Start of Block
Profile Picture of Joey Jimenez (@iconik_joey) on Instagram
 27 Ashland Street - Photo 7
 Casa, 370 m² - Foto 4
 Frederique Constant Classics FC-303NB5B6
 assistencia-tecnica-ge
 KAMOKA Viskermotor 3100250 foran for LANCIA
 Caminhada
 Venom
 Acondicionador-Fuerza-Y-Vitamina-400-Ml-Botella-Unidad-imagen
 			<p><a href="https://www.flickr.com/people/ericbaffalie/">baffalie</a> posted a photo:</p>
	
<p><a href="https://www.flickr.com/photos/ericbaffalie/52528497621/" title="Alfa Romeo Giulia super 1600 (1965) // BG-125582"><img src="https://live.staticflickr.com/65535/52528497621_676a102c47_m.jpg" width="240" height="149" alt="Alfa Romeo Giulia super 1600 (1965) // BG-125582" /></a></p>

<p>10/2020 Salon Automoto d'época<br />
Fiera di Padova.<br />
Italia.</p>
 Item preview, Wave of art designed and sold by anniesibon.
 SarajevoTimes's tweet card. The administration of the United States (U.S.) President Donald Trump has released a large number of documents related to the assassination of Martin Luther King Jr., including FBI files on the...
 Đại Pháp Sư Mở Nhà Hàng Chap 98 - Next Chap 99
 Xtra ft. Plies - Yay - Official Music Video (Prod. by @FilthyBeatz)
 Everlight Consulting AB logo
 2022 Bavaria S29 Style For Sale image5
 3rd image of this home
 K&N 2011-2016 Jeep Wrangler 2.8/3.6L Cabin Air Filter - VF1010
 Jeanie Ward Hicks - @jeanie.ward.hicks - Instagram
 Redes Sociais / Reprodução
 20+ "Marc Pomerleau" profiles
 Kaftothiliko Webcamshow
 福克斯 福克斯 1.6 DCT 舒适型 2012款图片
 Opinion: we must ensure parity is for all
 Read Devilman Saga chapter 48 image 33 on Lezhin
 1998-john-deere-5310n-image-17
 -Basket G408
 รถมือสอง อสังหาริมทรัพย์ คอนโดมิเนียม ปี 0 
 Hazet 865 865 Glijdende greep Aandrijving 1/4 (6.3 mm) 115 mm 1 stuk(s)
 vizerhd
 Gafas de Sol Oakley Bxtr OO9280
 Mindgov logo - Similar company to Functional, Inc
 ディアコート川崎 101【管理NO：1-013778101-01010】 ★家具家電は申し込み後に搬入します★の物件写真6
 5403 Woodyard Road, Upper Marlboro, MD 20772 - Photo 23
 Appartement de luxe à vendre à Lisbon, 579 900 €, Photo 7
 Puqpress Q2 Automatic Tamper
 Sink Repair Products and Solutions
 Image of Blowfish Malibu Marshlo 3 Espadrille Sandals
End of Block
= TASK TO CARRY OUT =
Print from the line containing "Gafas de Sol Oakley Bxtr OO9280" to the last line above, exactly as written.

= EXERCISE RESULT =
 Gafas de Sol Oakley Bxtr OO9280
 Mindgov logo - Similar company to Functional, Inc
 ディアコート川崎 101【管理NO：1-013778101-01010】 ★家具家電は申し込み後に搬入します★の物件写真6
 5403 Woodyard Road, Upper Marlboro, MD 20772 - Photo 23
 Appartement de luxe à vendre à Lisbon, 579 900 €, Photo 7
 Puqpress Q2 Automatic Tamper
 Sink Repair Products and Solutions
 Image of Blowfish Malibu Marshlo 3 Espadrille Sandals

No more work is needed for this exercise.